About this exercise
Please copy only the material from the line that has "Ahgly Company Machine" to the very last line, both ends included, exactly as written and without pictures.

Dataset excerpt

• • • • • • •

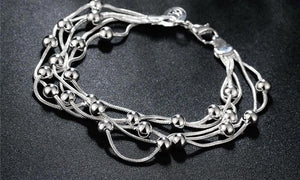 Orchid Pearls Dangling Link Bracelet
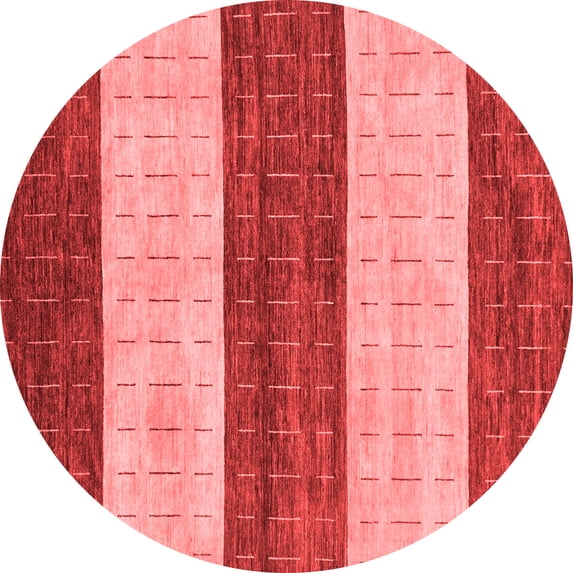 Ahgly Company Machine Washable Indoor Round Abstract Red Modern Area Rugs, 3' Round
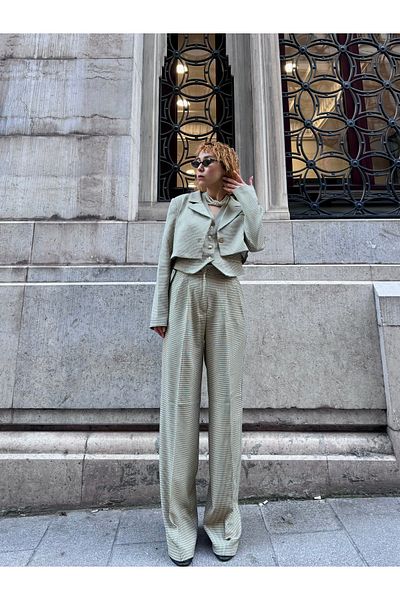 Bak'ap Beige Mini Plaid Vest and Palazzo Pants - Padded Crop Blazer Jacket 3-Piece Set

• • • • • • •

Solution to the exercise
 Ahgly Company Machine Washable Indoor Round Abstract Red Modern Area Rugs, 3' Round
 Bak'ap Beige Mini Plaid Vest and Palazzo Pants - Padded Crop Blazer Jacket 3-Piece Set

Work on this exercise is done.